(Task data begins)
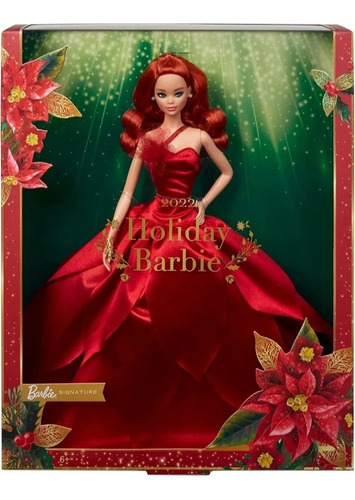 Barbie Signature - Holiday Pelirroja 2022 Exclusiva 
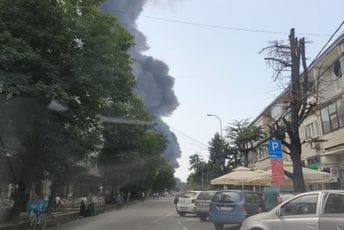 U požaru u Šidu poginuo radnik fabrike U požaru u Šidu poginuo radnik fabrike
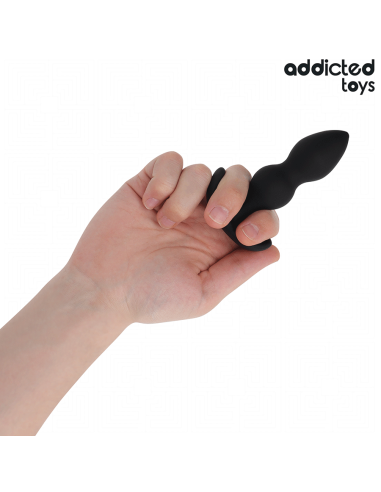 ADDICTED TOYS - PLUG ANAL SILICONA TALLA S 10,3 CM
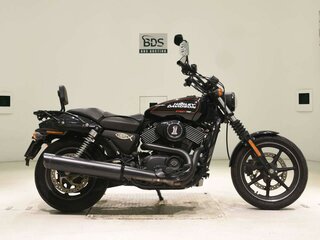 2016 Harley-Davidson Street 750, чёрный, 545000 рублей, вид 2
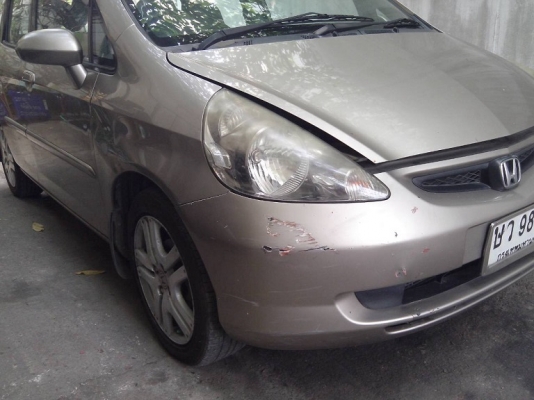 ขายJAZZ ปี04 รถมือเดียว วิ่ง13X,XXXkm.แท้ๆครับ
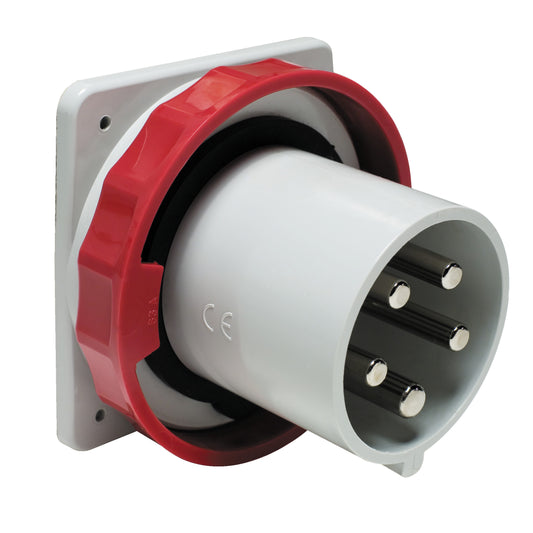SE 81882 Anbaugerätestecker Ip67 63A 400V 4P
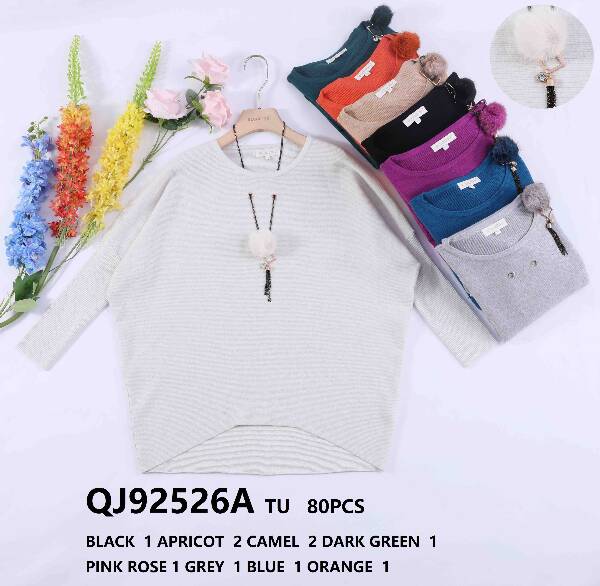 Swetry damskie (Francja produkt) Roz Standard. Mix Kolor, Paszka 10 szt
(Task data ends)
◆ Task objective
Before answering, please find the line containing "SE 81882 Anbaugerätestecker Ip67 63A 400V 4P" above, then copy exactly from it through the last line of the entries, both included, without pictures.

◆ Final answer
SE 81882 Anbaugerätestecker Ip67 63A 400V 4P
 Swetry damskie (Francja produkt) Roz Standard. Mix Kolor, Paszka 10 szt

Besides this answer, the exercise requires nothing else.